Most futures exchanges limit the amount of fluctuation permitted in futures contract prices during a single trading day. The daily limit establishes the maximum amount that the price of a futures contract may vary either up or down from the previous day’s settlement price at the end of the trading session. Once the daily limit has been reached in a particular type of contract, no trades may be made on that day at a price beyond the limit. However, the daily limit governs only price movement during a particular trading day and, therefore, does not limit potential losses. In addition, the daily limit may prevent liquidation of unfavorable positions. Futures contract prices have occasionally moved to the daily limit for several consecutive trading days with little or no trading, thereby preventing prompt liquidation of futures positions and subjecting some futures traders to substantial losses.
Options on Futures
By purchasing an option on a futures contract, a fund obtains the right, but not the obligation, to sell the futures contract (a put option) or to buy the contract (a call option) at a fixed strike price. A fund can terminate its position in a put option by allowing it to expire or by exercising the option. If the option is exercised, a fund completes the sale of the underlying security at the strike price. Purchasing an option on a futures contract does not require a fund to make margin payments unless the option is exercised.
Correlation of Price Changes
Because there are a limited number of types of exchange-traded futures and options contracts, it is likely that the standardized contracts available will not match a fund’s current or anticipated investments exactly. A fund may invest in futures and options contracts based on securities with different issuers, maturities, or other characteristics from the securities in which it typically invests (for example, by hedging intermediate-term securities with a futures contract based on an index of long-term bond prices); this involves a risk that the futures position will not track the performance of a fund’s other investments.
Options and futures prices can diverge from the prices of their underlying instruments even if the underlying instruments correlate well with a fund’s investments. Options and futures prices are affected by factors such as current and anticipated short-term interest rates, changes in volatility of the underlying instrument, and the time remaining until expiration of the contract, which may not affect security prices the same way. Imperfect correlation also may result from differing levels of demand in the options and futures markets and securities markets, from structural differences in how options and futures and securities are traded, or from the imposition of daily price fluctuation limits or trading halts. A fund may purchase or sell options and futures contracts with a greater or lesser value than the securities it wishes to hedge or intends to purchase in an effort to compensate for differences in volatility between the contract and the securities, although this may not be successful in all cases. If price changes in a fund’s options or futures positions are poorly correlated with its other investments, the positions may fail to produce anticipated gains or result in losses that are not offset by gains in other investments.
Futures and Options Contracts Relating to Foreign Currencies
A fund may purchase and sell currency futures and purchase and write currency options to increase or decrease its exposure to different foreign currencies. A fund also may purchase and write currency options in connection with currency futures or forward contracts.

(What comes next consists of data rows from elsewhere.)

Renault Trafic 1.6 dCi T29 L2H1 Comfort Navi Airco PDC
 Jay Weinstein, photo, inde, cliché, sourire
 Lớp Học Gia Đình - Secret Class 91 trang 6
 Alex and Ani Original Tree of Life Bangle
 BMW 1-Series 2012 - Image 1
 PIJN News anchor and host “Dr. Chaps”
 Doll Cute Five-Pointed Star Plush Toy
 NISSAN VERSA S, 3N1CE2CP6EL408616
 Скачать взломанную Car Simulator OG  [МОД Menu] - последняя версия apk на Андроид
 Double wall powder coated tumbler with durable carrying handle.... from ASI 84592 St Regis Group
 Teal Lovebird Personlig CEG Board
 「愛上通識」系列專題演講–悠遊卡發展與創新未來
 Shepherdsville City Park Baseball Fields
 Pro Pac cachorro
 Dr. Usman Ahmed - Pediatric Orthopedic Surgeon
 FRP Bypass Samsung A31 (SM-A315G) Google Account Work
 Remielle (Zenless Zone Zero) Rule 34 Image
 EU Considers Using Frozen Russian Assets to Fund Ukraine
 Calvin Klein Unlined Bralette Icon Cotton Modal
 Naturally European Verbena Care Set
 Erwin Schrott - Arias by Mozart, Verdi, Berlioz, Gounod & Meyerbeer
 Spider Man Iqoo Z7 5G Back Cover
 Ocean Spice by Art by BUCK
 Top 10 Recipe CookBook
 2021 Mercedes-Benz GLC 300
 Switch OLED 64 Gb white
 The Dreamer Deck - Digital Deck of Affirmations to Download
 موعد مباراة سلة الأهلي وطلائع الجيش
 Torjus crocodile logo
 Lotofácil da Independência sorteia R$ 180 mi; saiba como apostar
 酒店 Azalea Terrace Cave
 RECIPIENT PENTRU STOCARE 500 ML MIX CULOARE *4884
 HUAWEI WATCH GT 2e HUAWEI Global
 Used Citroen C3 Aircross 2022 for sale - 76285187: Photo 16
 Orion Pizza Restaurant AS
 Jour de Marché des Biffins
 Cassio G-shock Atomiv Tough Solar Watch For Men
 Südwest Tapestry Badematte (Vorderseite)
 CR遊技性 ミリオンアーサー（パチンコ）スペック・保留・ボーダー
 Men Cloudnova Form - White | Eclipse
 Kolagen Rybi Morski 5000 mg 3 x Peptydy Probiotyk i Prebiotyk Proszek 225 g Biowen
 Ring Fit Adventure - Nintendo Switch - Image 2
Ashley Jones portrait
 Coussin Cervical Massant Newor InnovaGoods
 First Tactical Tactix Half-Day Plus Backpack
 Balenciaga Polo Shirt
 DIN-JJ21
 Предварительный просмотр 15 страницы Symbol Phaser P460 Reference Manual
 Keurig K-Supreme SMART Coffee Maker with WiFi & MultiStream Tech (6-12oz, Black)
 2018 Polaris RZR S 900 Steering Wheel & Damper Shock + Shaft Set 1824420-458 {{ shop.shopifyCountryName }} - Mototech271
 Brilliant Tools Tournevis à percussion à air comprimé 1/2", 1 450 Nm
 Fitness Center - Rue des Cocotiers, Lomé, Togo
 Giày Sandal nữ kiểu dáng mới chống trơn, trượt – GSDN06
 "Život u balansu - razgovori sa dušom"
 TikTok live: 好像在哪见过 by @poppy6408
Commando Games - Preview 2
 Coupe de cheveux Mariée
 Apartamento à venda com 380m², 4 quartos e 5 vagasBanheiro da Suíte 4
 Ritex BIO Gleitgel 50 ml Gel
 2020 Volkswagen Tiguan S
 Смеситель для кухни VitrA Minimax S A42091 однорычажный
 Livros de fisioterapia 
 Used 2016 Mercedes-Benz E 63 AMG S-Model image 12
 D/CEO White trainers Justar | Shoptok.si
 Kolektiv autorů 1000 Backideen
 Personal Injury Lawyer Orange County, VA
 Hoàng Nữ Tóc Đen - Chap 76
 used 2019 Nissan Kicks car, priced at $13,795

Currency futures contracts are similar to forward currency exchange contracts, except that they are traded on exchanges and have standard contract sizes and delivery dates. Most currency futures contracts call for payment or delivery in U.S. dollars.
The uses and risks of currency futures are similar to those of futures relating to securities or indices, as described above. Currency futures values can be expected to correlate with exchange rates but may not reflect other factors that affect the value of a fund’s investments. A currency hedge, for example, should protect a German-mark-denominated security from a decline in the German mark, but it will not protect a fund against a price decline resulting from a deterioration in the issuer’s creditworthiness.
Liquidity of Futures Contracts and Options
There is no assurance that a liquid secondary market will exist for any particular futures contract or option at any particular time. Options may have relatively low trading volume and liquidity if their strike prices are not close to the underlying instrument’s current price. In addition, exchanges may establish daily price fluctuation limits for futures contracts and options and may halt trading if a contract’s price moves upward or downward more than the limit on a given day. On volatile trading days when the price fluctuation limit is reached or a trading halt is imposed, it may be impossible for a fund to enter into new positions or close out existing positions. If the secondary market for a contract was not liquid, because of price fluctuation limits or otherwise, prompt liquidation of unfavorable positions could be difficult or impossible, and a fund could be required to continue holding a position until delivery or expiration regardless of changes in its value. Under these circumstances, a fund’s access to assets held to cover its future positions also could be impaired.
Futures and options trading on foreign exchanges may not be regulated as effectively as similar transactions in the U.S. and may not involve clearing mechanisms or guarantees similar to those available in the U.S. The value of a futures contract or option traded on a foreign exchange may be adversely affected by the imposition of different exercise and settlement terms, trading procedures, margin requirements and lesser trading volume.
Restrictions on the Use of Futures Contracts and Options
A fund may enter into futures contracts, options or options on futures contracts as permitted under the Commodity Futures Trading Commission rules. A fund has claimed exclusion from the definition of the term “commodity pool operator” under the Commodity Exchange Act and, therefore, is not subject to registration or regulation as a commodity pool operator under that Act. To the extent required by law, a fund will segregate cash, cash equivalents or other appropriate liquid securities on its records in an amount sufficient to cover its obligations under the futures contracts and options.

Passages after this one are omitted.